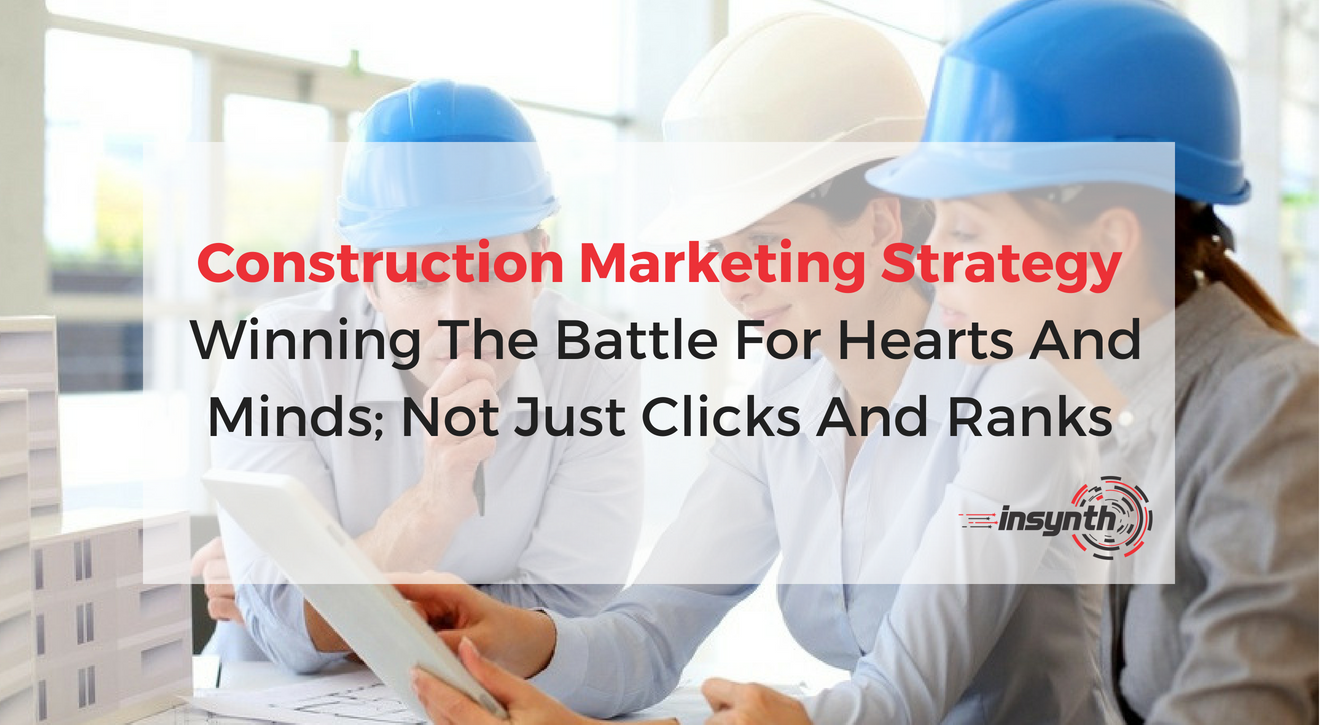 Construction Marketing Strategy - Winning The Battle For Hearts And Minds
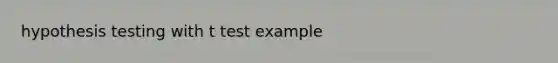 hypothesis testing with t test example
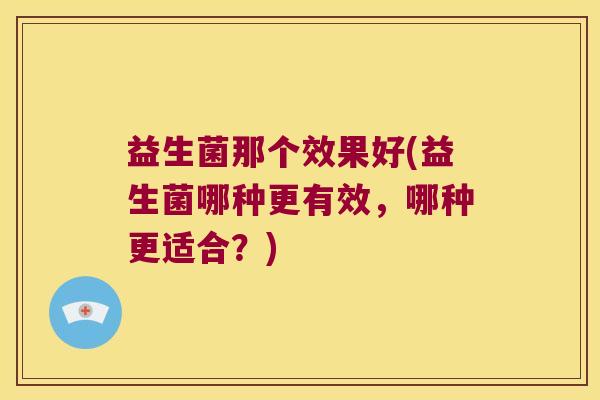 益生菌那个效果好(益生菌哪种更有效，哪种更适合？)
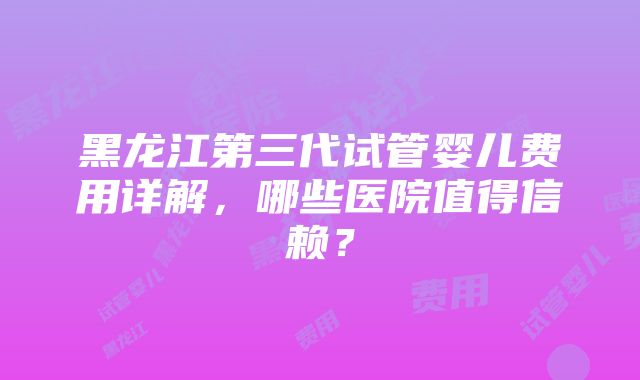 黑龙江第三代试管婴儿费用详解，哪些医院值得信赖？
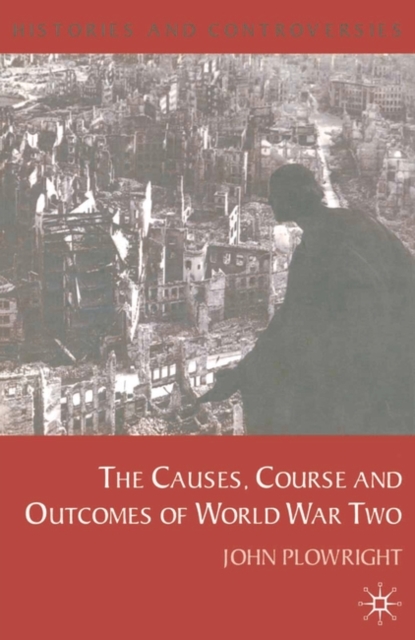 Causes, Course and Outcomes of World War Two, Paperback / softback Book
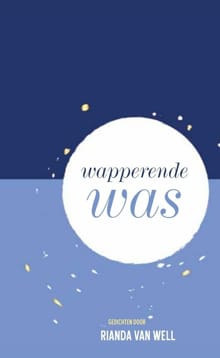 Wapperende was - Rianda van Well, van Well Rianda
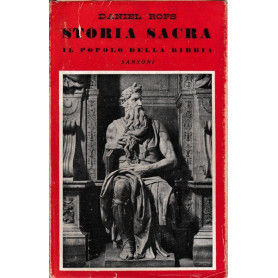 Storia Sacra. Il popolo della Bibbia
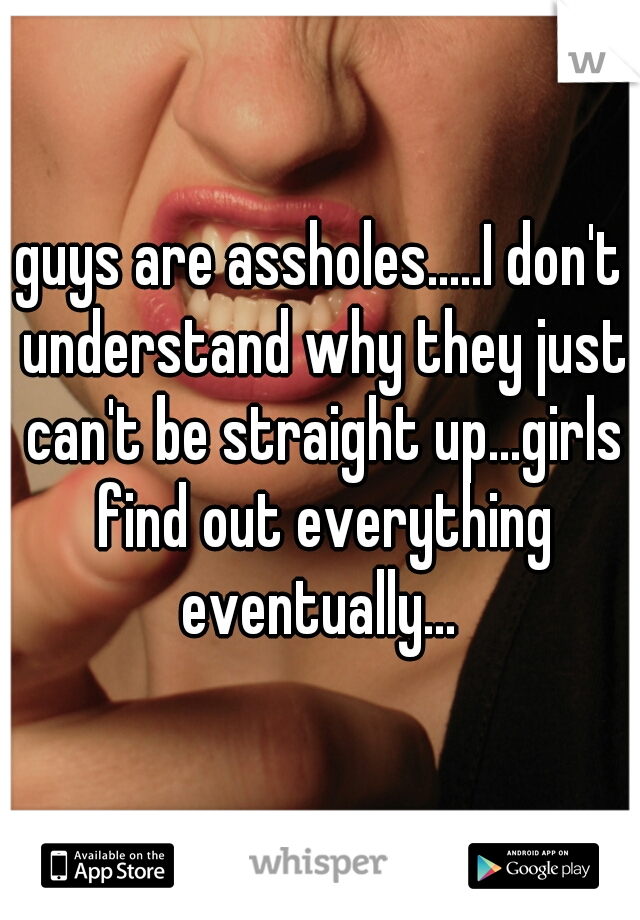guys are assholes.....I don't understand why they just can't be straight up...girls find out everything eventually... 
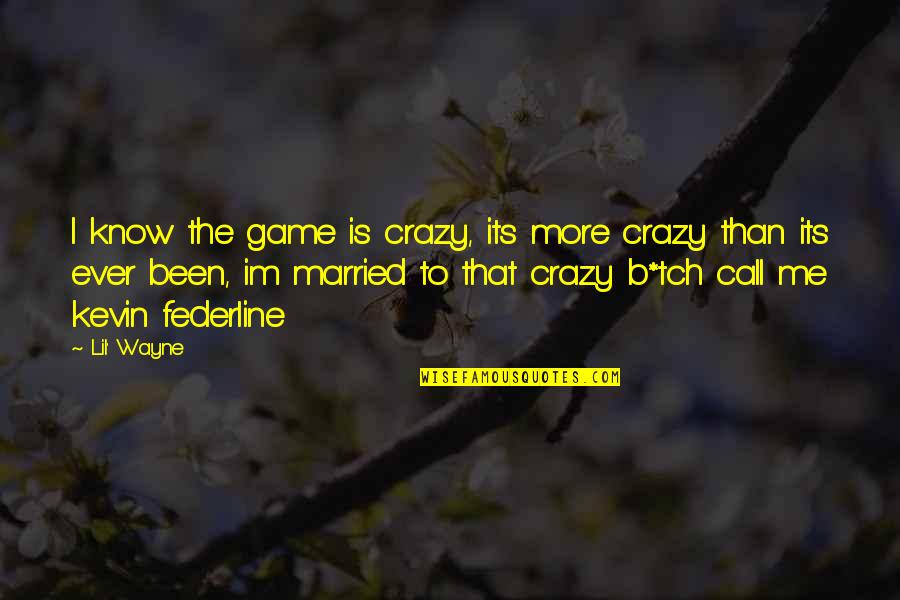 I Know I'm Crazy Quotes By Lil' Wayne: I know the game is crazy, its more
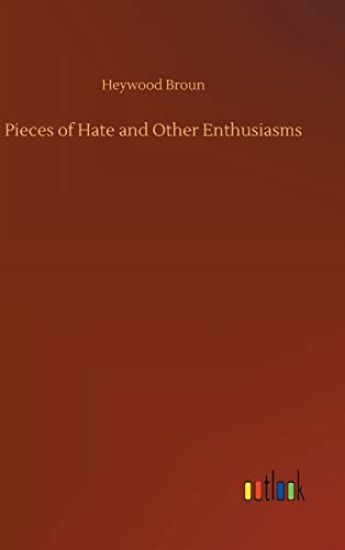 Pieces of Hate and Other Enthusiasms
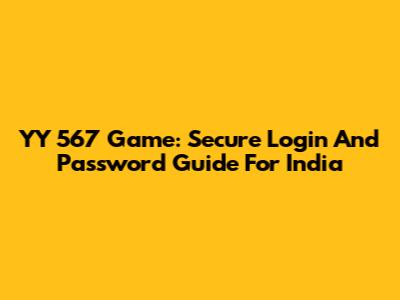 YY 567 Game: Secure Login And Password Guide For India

----------

**REQUIREMENT**
Repeat the listing exactly, pictures excluded.

**TASK OUTPUT**
 Construction Marketing Strategy - Winning The Battle For Hearts And Minds
 hypothesis testing with t test example
 益生菌那个效果好(益生菌哪种更有效，哪种更适合？)
 黑龙江第三代试管婴儿费用详解，哪些医院值得信赖？
 Causes, Course and Outcomes of World War Two, Paperback / softback Book
 Wapperende was - Rianda van Well, van Well Rianda
 Storia Sacra. Il popolo della Bibbia
guys are assholes.....I don't understand why they just can't be straight up...girls find out everything eventually... 
 I Know I'm Crazy Quotes By Lil' Wayne: I know the game is crazy, its more
 Pieces of Hate and Other Enthusiasms
 YY 567 Game: Secure Login And Password Guide For India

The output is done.